Data under study
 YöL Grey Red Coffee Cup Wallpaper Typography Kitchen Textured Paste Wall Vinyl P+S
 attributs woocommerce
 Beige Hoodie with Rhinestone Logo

==

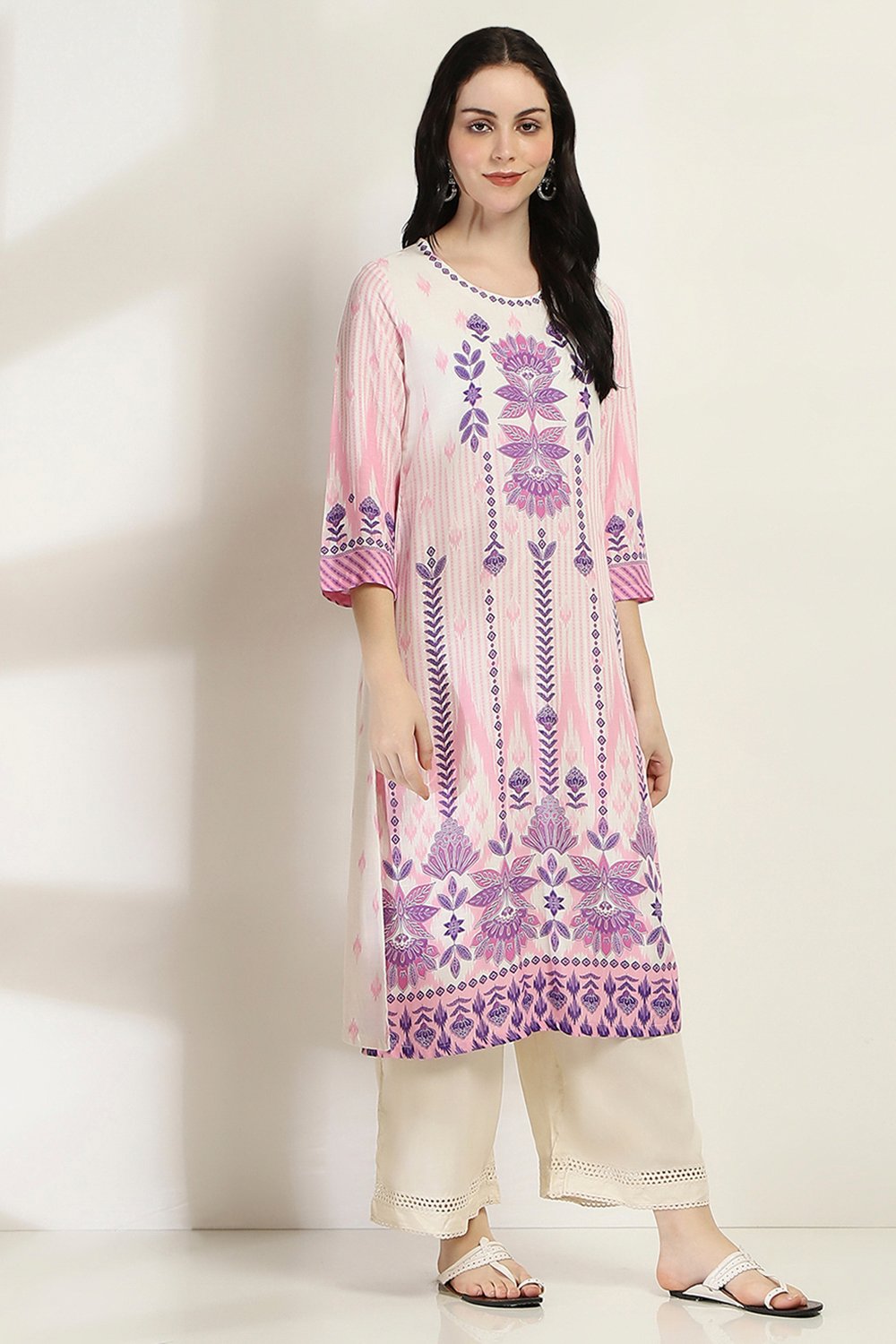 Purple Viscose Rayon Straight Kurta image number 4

Task brief
The response should hold exactly the lines starting at the line with "attributs woocommerce" and ending at the line with "Beige Hoodie with Rhinestone Logo", and no other line of the material above.

Problem solution
 attributs woocommerce
 Beige Hoodie with Rhinestone Logo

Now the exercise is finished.